From CNN's Anastasia Graham-Yooll in London

While the Russian forces have withdrawn from Snake Island in the Black Sea, it may be “too early” for Ukraine to establish an outpost there, said the spokesperson for the Ukrainian Military’s Southern Command, Natalia Humenyuk.

Humenyuk reported the island remains engulfed in heavy smoke as explosions continue. Although the Ukrainian military saw Russian troops evacuate using speedboats, Humenyuk said investigation needs to take place into possible “diversion tools left behind” before claiming back the island.

“Our forces haven’t landed on the island yet,” she added clarifying it is not clear if Russian troops withdrew completely. “We cannot state that they all withdrew. But we hope that they had enough sense to do that."

Humenyuk suggested the Russian military set anti-air missile systems and radar station on fire “to cover their tracks.”

“As soon as they understood all these systems were being targeted by us effectively and could not serve them anymore, they realized they had to fold their outpost and get out," she added. “We have to monitor their behavior in terms of their ship groupings and the use of other forces. It is too early for us to form an outpost on the Snake island. We have to finish the investigation into the result of the military operation." 

Russian military command justified their withdrawal from the island on Thursday “as a gesture of goodwill.”

An islet off the Ukrainian coast near Odesa, Snake Island had been captured by the Russian Navy in the early day of the war in February. An important outpost for marking Ukrainian territorial waters, it has become the symbol of Ukrainian resistance against Russian occupation. 

Read more about Russian withdrawal from Snake Island here.

10:28 a.m.
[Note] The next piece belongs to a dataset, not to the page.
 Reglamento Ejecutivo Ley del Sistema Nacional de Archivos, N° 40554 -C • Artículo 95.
ET, June 30, 2022

Ukraine severs diplomatic ties with Syria over recognition of separatist-controlled areas in Donbas

From CNN's Oleksandra Ochman

Ukraine announced Thursday that it has severed diplomatic relations with Syria after Damascus on Wednesday recognized the independence of the pro-Russia separatist-controlled Donetsk People’s Republic and Luhansk People’s Republic.

“The Ministry of Foreign Affairs of Ukraine strongly condemns the decision of the Syrian Arab Republic to recognize the so-called 'independence' of the temporarily occupied territories in the Donetsk and Luhansk regions of Ukraine,” the ministry said in a statement on Thursday.

“We consider this decision to be an unfriendly act against Ukraine, an encroachment on the sovereignty and territorial integrity of our state, and a gross violation of Ukrainian law, the UN Charter, and the fundamental norms and principles of international law," it added.

Syria is the only country aside from Russia to formally recognize the independence of the breakaway regions.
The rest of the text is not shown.